> Source data
# # #

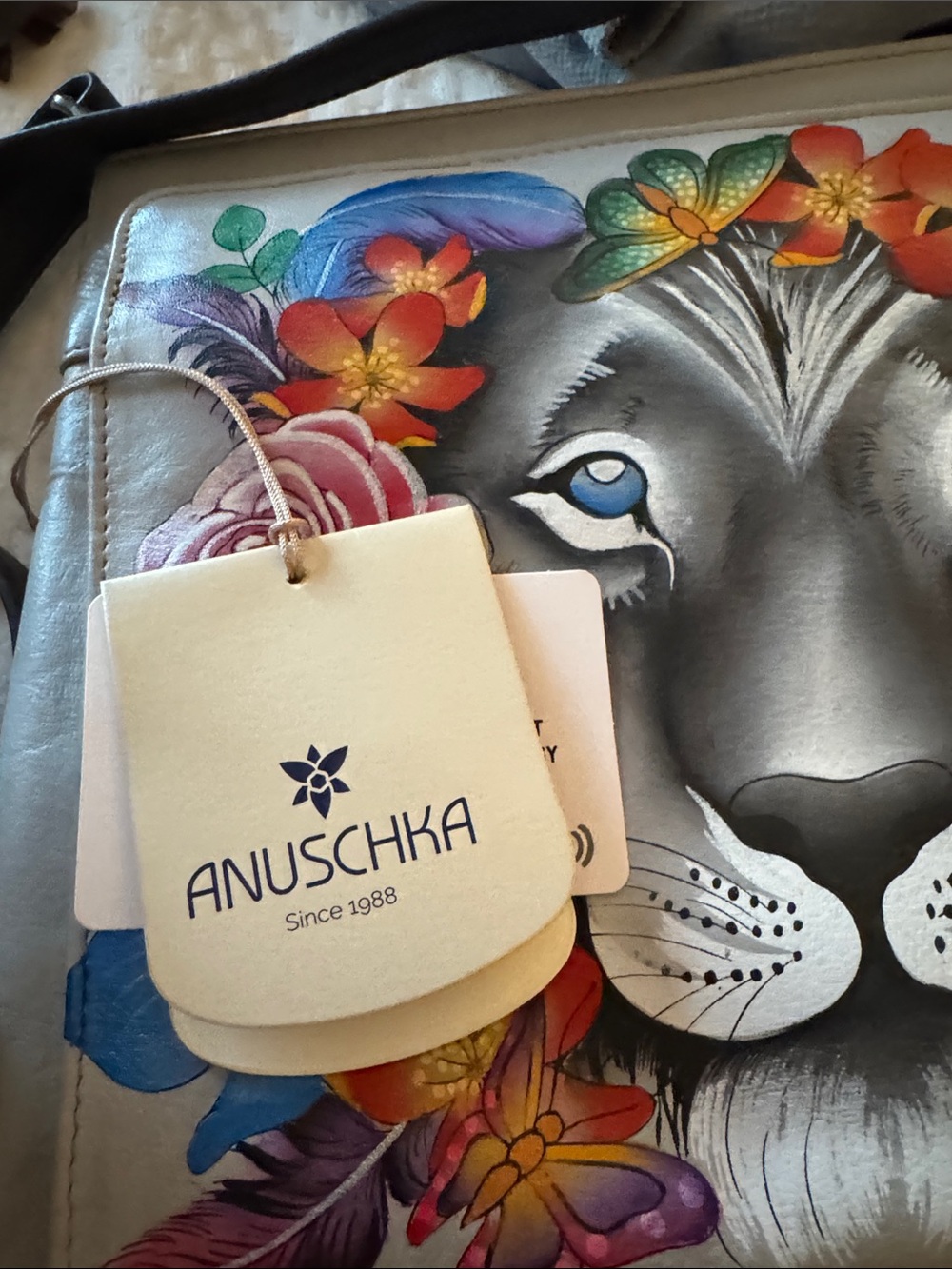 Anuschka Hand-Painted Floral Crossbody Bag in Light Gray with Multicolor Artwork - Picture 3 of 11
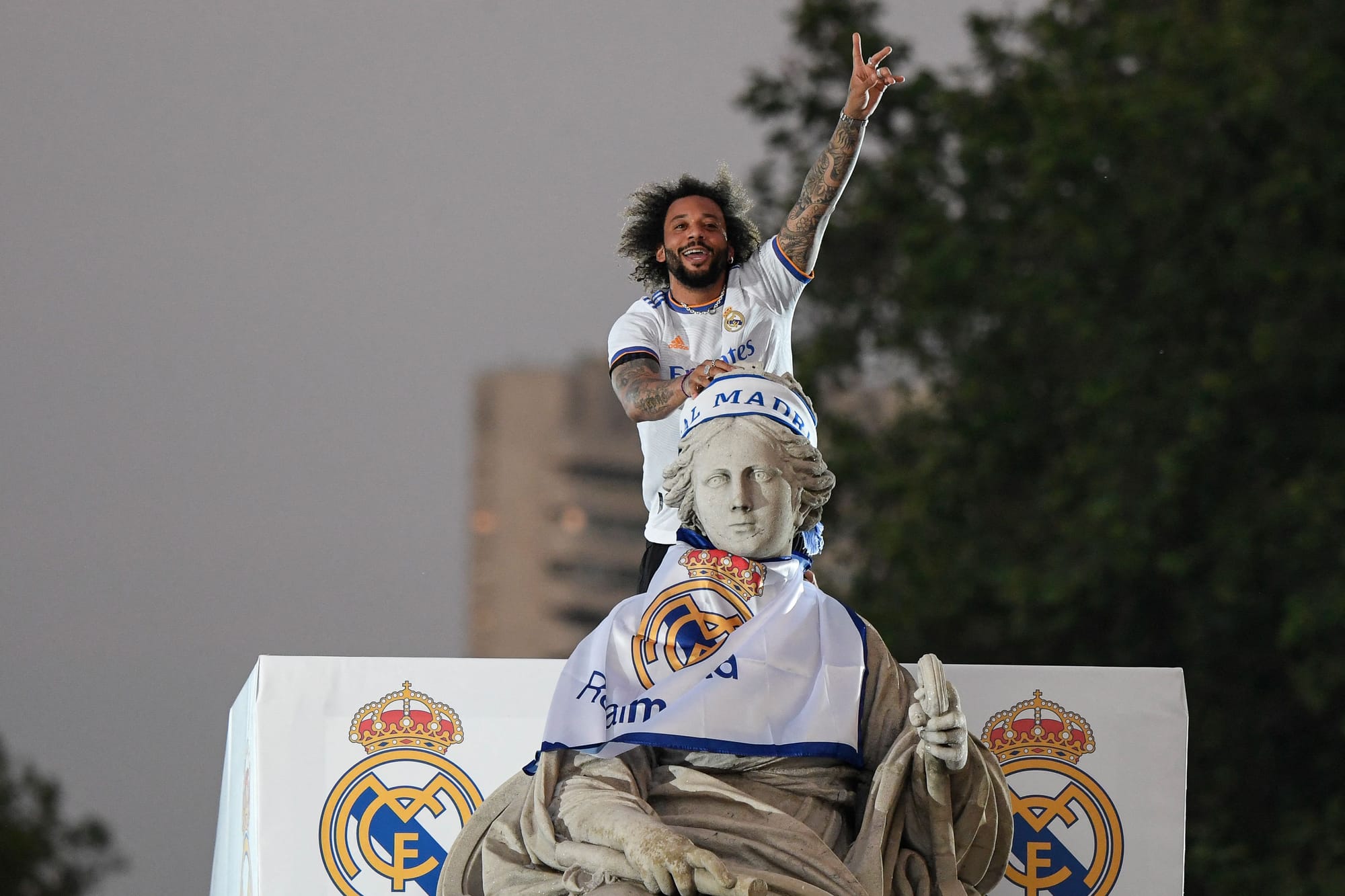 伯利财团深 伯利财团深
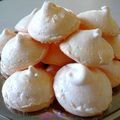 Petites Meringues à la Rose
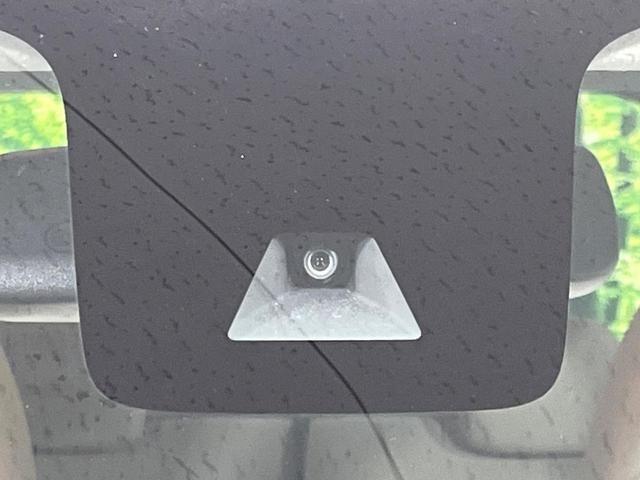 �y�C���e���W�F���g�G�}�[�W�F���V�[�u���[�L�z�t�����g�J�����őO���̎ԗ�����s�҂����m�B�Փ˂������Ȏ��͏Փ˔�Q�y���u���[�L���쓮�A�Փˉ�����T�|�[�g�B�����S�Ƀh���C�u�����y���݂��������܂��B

# # #

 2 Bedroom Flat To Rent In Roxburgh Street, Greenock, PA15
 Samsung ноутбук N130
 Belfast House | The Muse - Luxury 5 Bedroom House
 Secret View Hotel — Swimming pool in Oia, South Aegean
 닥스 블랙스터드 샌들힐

# # #

> Work instruction
From the line containing "Anuschka Hand-Painted Floral" through the line containing "Petites Meringues à la Rose", copy every line above exactly, without pictures.

> Solution for this task
 Anuschka Hand-Painted Floral Crossbody Bag in Light Gray with Multicolor Artwork - Picture 3 of 11
 伯利财团深 伯利财团深
 Petites Meringues à la Rose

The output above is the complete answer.